With Odin wearing his armor

Also, add the Midgard Serpent


----------



## ThanatoSeraph (Jun 7, 2012)

Oh look a dupe. Hi dupe.

You must have a serious vendetta against Thor. I mean, shit. Putting him up against Sasuke? Base Thor dies from being in the mere vicinity of Sasuke.


----------



## Voyeur (Jun 7, 2012)

Hell, I think Thor will need the Power Gem.


----------



## Shiba D. Inu (Jun 7, 2012)

RKT needs at least 4-5 infinity gems here

and UN Galactus as his summon


----------



## martryn (Jun 7, 2012)

Sasuke has lightning jutsus.  That shit would fuck Thor up.


----------



## Ice (Jun 7, 2012)

You'll need Pre-retcon Beyonder to even equal Sasuke.


----------



## Asune (Jun 7, 2012)

martryn said:


> Sasuke has lightning jutsus.  That shit would fuck Thor up.



And he can do seals at trillions times the speed of light


----------



## Slayer (Jun 7, 2012)

Thor needs milti-eternity and galactus w/UN has back up here just to even the odds gais.


----------



## Shiba D. Inu (Jun 7, 2012)

Sauce summons Itachi who summons his own beaten Galactus


----------



## Slayer (Jun 7, 2012)

OP needs to restrict sasukes itachi summon.


----------



## Raidou Kuzunoha (Jun 7, 2012)

Thor backhands the Sauce


----------



## Crimson Dragoon (Jun 7, 2012)

even AEMH Thor would kick the shit out of him


----------



## Kurou (Jun 7, 2012)

You should probably restrict the Sharingan to make this a fair fight.


----------



## Raidou Kuzunoha (Jun 7, 2012)

Crimson Dragoon said:


> even AEMH Thor would kick the shit out of him



Movie Thor's beard solos.


----------



## Asune (Jun 7, 2012)

Can it be first season Sasuke vs Rune Thor?


----------



## ThanatoSeraph (Jun 7, 2012)

And restrict Sasuke's arms.

And legs.


----------



## Kurou (Jun 7, 2012)

OP must have meant this Thor


----------



## Asune (Jun 7, 2012)

Ok, ok let's be sincere, this thread is stomp, and the OP is so dumb for believing that it was even a good match, also a dupe, and should be banned


----------



## Joakim3 (Jun 7, 2012)

Sasuke rapes


----------



## Raidou Kuzunoha (Jun 7, 2012)

I'm quite sincere here.


----------



## Slayer (Jun 7, 2012)

This is why we can't have nice things.


----------



## Asune (Jun 7, 2012)

No, actually I'll bet for thor, I don't care if you call me a wanker or a troll, Still thor should win over sasuke


----------



## SpaceMook (Jun 7, 2012)

The Sauce is too spicy for Thor to handle.


----------



## Calamity (Jun 7, 2012)

Sauske kun is getting stomped.Thor gets to take some sauce home.


----------



## Imagine (Jun 7, 2012)

Dont call me a wanker here but i think im going with Thor.


----------



## Asune (Jun 7, 2012)

MohsinMan99 said:


> Sauske kun is getting stomped.Thor gets to take some sauce home.



You're with me.

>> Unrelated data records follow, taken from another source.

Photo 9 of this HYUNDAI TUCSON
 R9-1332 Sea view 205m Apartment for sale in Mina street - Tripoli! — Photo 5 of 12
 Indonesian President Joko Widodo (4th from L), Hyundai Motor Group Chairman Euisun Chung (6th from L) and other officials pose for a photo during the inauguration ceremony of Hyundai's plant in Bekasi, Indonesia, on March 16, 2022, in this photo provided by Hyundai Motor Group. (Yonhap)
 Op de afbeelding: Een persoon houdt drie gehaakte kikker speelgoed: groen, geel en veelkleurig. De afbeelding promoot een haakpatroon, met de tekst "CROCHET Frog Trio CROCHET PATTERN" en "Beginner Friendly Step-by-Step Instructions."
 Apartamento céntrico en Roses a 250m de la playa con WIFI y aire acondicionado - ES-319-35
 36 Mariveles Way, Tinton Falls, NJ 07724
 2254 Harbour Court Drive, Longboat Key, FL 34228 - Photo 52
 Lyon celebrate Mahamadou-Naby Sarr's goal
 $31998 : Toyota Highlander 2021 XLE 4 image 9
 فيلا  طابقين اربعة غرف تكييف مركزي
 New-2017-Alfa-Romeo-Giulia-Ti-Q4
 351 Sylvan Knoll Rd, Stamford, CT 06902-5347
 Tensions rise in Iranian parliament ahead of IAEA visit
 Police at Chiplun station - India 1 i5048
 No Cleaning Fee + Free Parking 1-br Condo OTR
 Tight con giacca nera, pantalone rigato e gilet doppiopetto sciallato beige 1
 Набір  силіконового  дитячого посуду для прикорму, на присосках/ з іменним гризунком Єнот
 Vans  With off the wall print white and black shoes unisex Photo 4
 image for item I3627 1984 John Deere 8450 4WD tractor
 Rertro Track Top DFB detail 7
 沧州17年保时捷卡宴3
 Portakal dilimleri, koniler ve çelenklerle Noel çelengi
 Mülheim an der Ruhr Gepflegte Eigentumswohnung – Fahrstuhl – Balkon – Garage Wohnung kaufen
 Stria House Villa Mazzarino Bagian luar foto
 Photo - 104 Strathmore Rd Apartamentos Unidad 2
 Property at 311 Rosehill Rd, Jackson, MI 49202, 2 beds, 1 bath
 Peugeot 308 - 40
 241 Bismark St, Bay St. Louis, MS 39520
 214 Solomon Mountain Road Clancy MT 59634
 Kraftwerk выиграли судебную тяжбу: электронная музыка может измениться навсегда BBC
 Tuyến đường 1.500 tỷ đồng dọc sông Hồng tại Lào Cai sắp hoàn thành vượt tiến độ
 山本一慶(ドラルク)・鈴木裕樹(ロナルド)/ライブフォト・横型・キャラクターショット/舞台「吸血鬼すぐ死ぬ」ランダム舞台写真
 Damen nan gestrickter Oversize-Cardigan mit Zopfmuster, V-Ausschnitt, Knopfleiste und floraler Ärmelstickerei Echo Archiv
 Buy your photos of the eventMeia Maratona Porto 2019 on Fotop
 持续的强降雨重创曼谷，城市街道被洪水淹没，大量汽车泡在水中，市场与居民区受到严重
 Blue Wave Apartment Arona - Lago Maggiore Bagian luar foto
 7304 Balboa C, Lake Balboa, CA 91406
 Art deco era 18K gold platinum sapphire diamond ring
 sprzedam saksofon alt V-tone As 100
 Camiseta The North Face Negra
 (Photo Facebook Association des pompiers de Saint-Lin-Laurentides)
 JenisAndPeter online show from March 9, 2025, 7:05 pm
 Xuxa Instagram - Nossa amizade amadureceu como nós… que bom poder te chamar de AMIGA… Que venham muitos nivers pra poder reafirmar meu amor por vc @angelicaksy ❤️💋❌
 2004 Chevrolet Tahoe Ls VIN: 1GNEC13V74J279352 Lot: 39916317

I don't thing sasuke can win. Yeah, I'll be negged, even banned for saying this. but thor stomps


----------



## OmniOmega (Jun 7, 2012)

Everyone in this thread loses. 

Also *Sauske* quits because he pities Thor.


----------



## Asune (Jun 7, 2012)

Ok, I'm tired of this, you're all obviously Thor haters, tell me why Sasuke wins. I mean Thor has a 2 ton hammer, can fly an spam lightnings, what can sasuke at most do? Throw fire through his mouth


----------



## Calamity (Jun 7, 2012)

It's *Sauske*, not Sasuke. Sauske spills sauce all over Thor at FTL speeds.


----------



## Gomu (Jun 7, 2012)

SaturdayMourning said:


> Comic book Thor. Try not to be biased Uchiha haters. Who wins.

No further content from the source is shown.